終わらせなければ、始まらない・・・ということで、ガンガン続ける。とはいえ第3章「工業開発」における分析は、細かすぎるようなところがあって、あまり面白くない。家内工業が工場制機械工業に変化していったこと、日本人資本と朝鮮人資本の割合、産業の二重構造(大企業と中小企業)の有無、そして戦時統制による統合などなど・・・まあ、日本社会でも同様のことがあったんだろうということだ。
 日本社会に無くて、植民地朝鮮にあったもの・・・は、やはり巨大開発を成しえた重化学工業であろう。この日本人大資本の近代大工業の様子を、日窒をみることで代表させたい。
 日窒が赴戦江発電所を建設する時、堤防・水路・揚水場工事は日本人建設会社である西松組・間組・松本組・長門組などが担当し、鉄管は日本鋼管、ポンプ・電動機は芝浦製作所、ロープウェイは山川策道がそれぞれ担当した。もちろん現場には多くの朝鮮人労働者が投入されたが、残りの大部分の労働力は、日本人企業間の需給によって賄われた。
 日窒はこの電力を土台に、咸鏡南道などでさまざまな事業を展開した。日窒の朝鮮工場では化学肥料をはじめとして硫酸、硝酸、塩酸、燐酸などの塩類と苛性ソーダ、ソーダ灰、アンモニアなどのアルカリ類、水素、窒素、酸素、炭酸ガス、アセチレン、塩素ガスなどの百数十種類の製品を生産した。

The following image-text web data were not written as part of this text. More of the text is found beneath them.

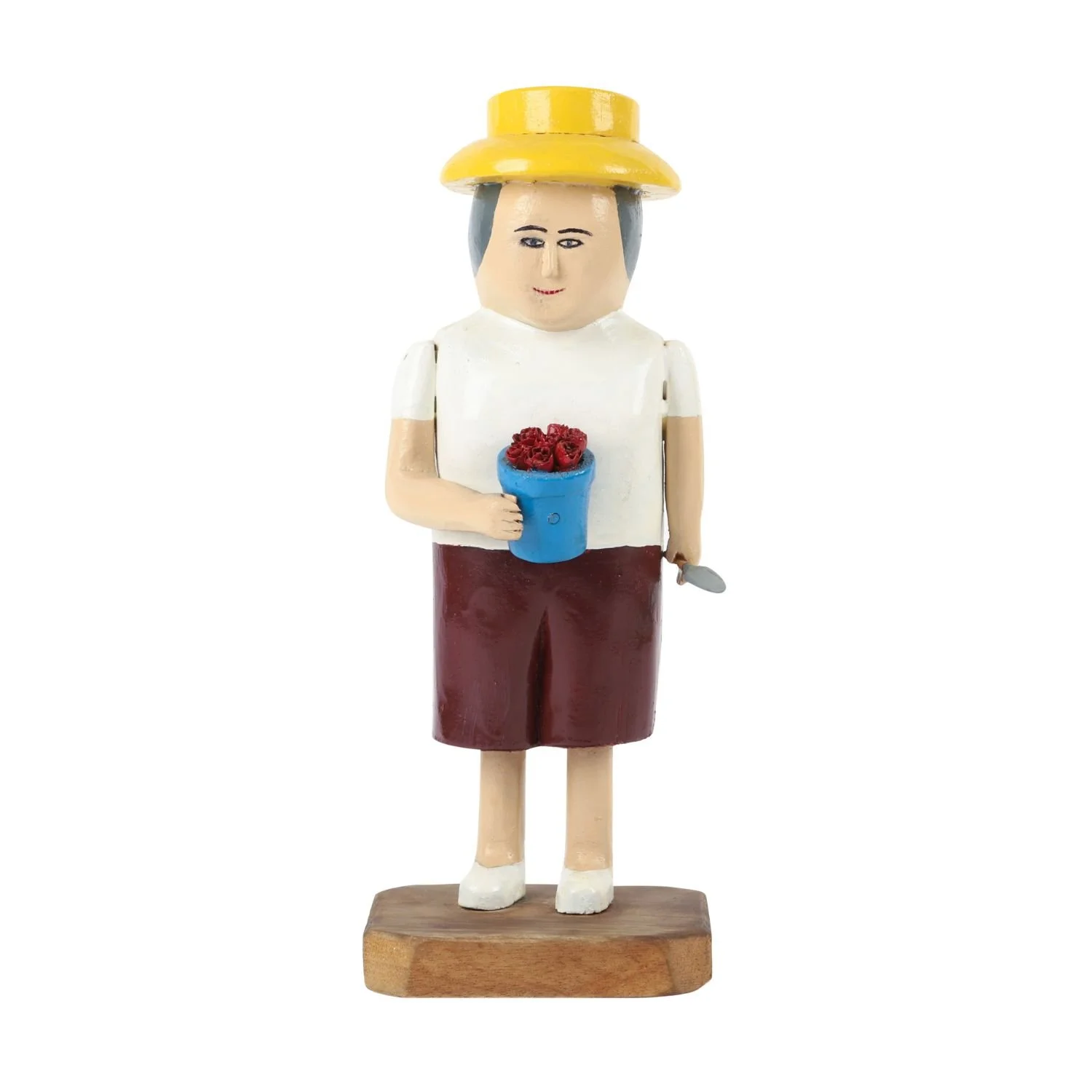 Phyllis Cosman, Rose Gardener - Colourful carved wood figure featuring a sun hat, gardening trowel and roses; sold for CA$2,299.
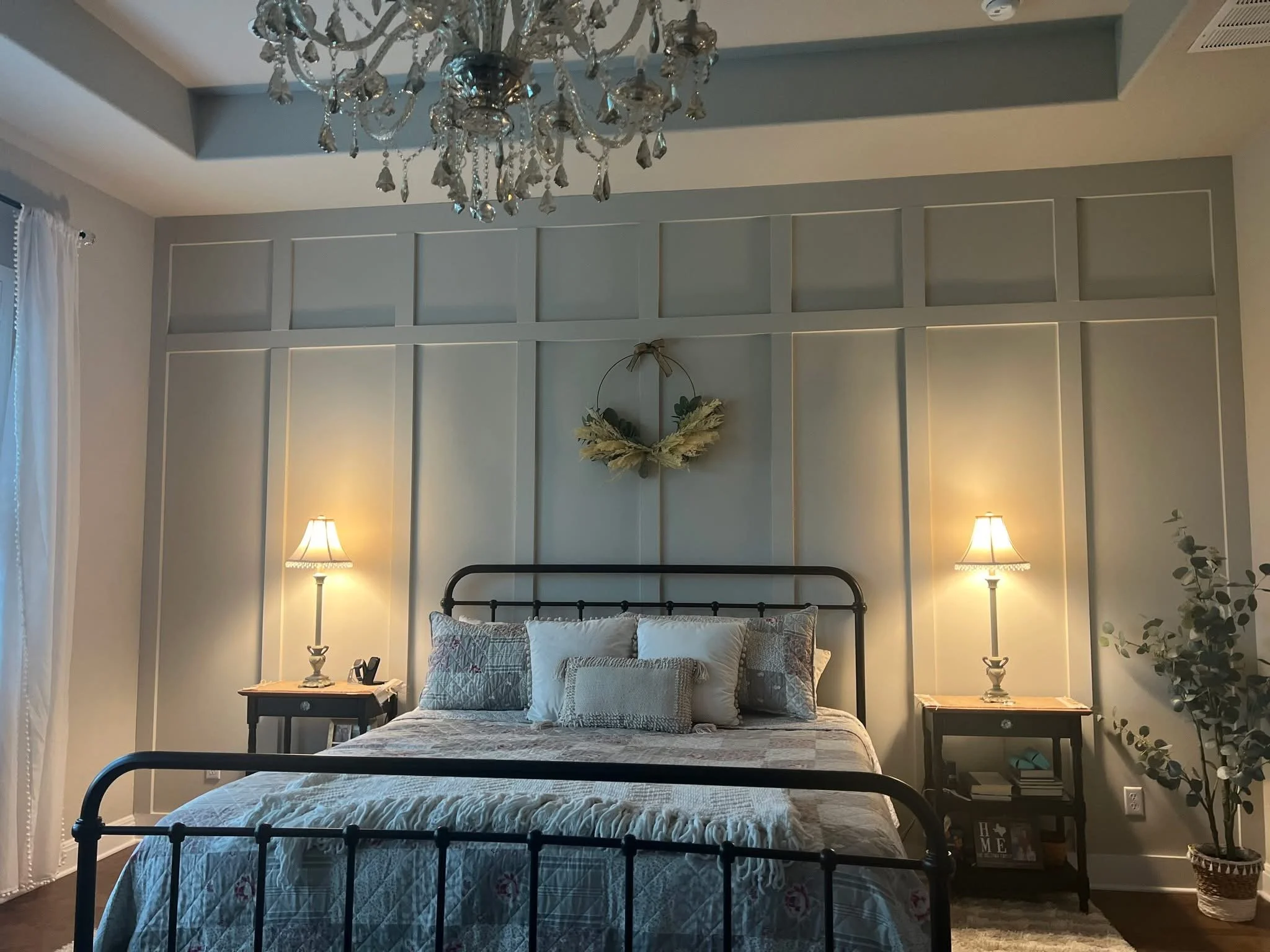 A bedroom with a black metal bed frame, a white quilt, and patterned pillows. Two nightstands with lamps, a wall with paneling and a wreath, a chandelier hanging from the ceiling, and sheer white curtains over a window.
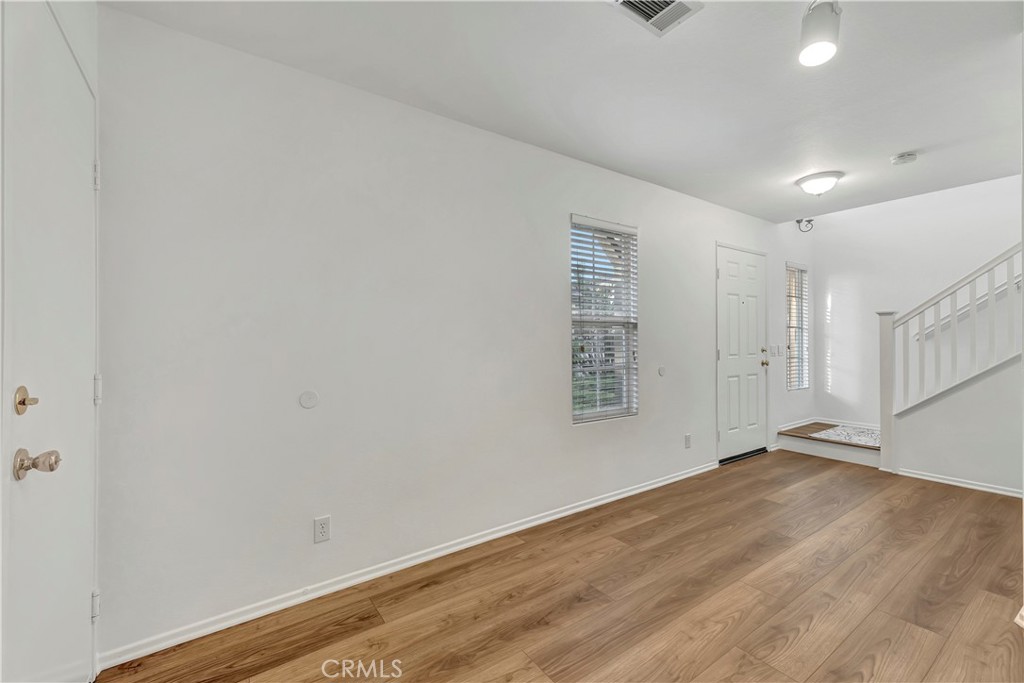 40 Three Vines Court Ladera Ranch, CA 92694 - Photo 25 of 28 a view of an empty room with wooden floor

その過程で日窒あ、朝鮮はもちろんのこと日本、さらに世界的にも有数の企業の一つとなった。(p161)
のである。001なお、咸鏡南道は現在は北朝鮮の国土である。
 この日窒の興南工場群は、高度の分業体制を土台として生産を行っており、自己完結的に行われていた。日窒の朝鮮事業は、工場の設備や技術で見ても、当時朝鮮の他の地域、及び産業とはまったくへだたった別天地であったわけである。

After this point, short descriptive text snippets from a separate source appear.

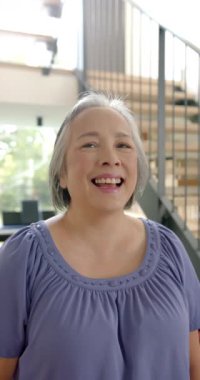 Dikey video: Mor bluzlu gülümseyen yaşlı kadın evdeki merdivenlerin önünde duruyor. Yaşlı, bağımsız, mutluluk, yaşam tarzı, günlük, kapalı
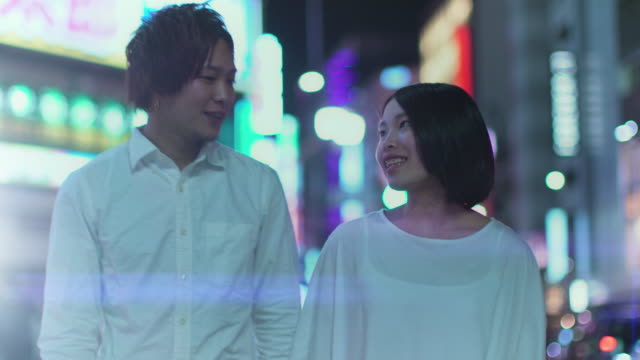 Japanische-junge-und-Mädchen-paar-gehen-und-sprechen.-Im-Hintergrund-unscharf-Werbetafeln-und-Citylights-in-der-Nacht.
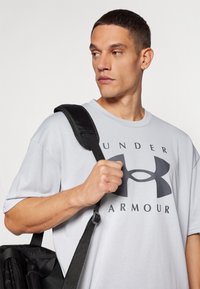 Grå t-skjorte med kort erm som har en svart logo og teksten "UNDER ARMOUR." En svart stropp fra en ryggsekk er synlig på skulderen.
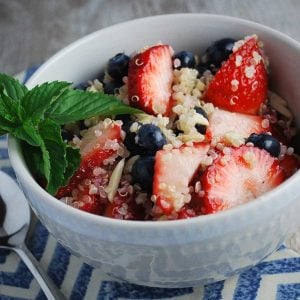 berries with cooked quinoa and almonds in a bowl with a sprig of mint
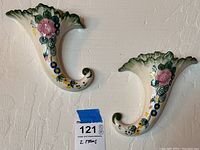 Pair of ceramic wall pockets on wall, showing matching floral painted decoration and green accents.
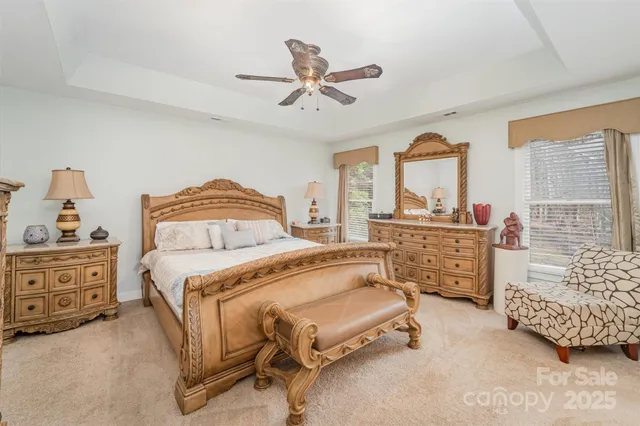 a bedroom with a bed and ceiling fan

 近代的大工業の代表的存在としての日窒が持つこのような性格は、日窒だけに限定されたものではなかった。製鉄業、綿糸紡績業と広幅綿織物(粗布)、工業製品、ポートランドセメント、硬化油や石鹸などの油脂工業、化学パルプ、ビール、グリセリンなどの他のさまざまな近代的大工業でも共通に現れるものであった。(p163)

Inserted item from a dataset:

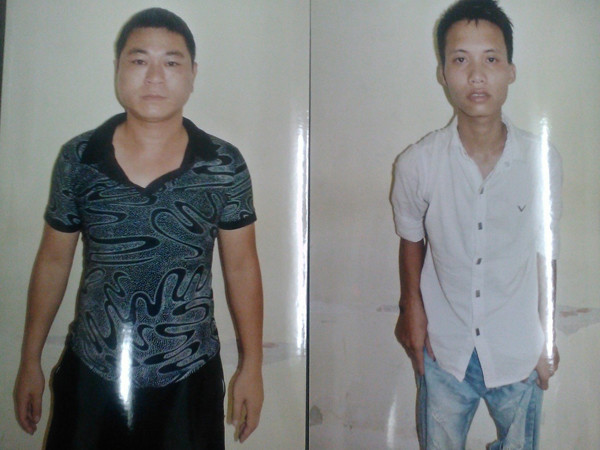 Hải (trái) tại cơ quan điều tra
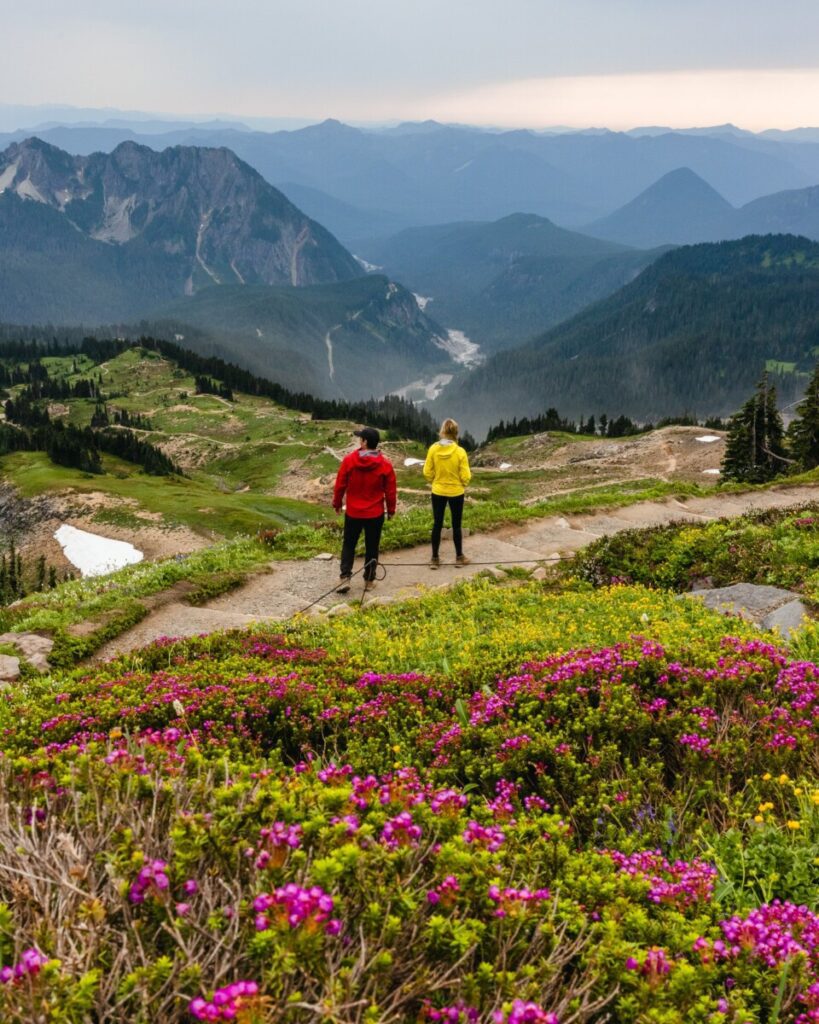 Adventure Couple Hiking the Skyline Trail in Mount Rainier National Park in Washington State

 ようするに、朝鮮に進出し工業開発を行ってきた大資本は、朝鮮内の産業とはほとんどかかわりなく、資源(電力、石炭、石灰石、綿花等)と激安朝鮮人労働力を求めてやって来た、典型的な「植民地進出工業」でしかなかったわけだ。
 で、これらの日本人の近代的大工業の特徴を確認しておくと・・・
第1に、全工場数の1%にもならない62の工場で全体工業生産額の29%を生産している。すなわち、少数ではあっても日本から進出してきた大企業は、朝鮮工業で主導的地位を占めていたのである。第2に、これらの業種の工場当たり平均生産額は、大変大きい一方、業種あたりの工場数はとても少なかった。すなわちこれらの業種は概して独寡占的な市場構造を持っていたのである。第3に、労働者1人当たりの生産額がその他の業種と比較して著しく多い。すなわち、資本集約的生産技術が採択されていたのである。第4に、これらの工場では、工場あたりの労働者数が平均422人で、その他の工場の35人と比較してはるかに多い。これらの大工場が近代的な機構組織を持っていた可能性が、いっそう高くなる。(p163~4)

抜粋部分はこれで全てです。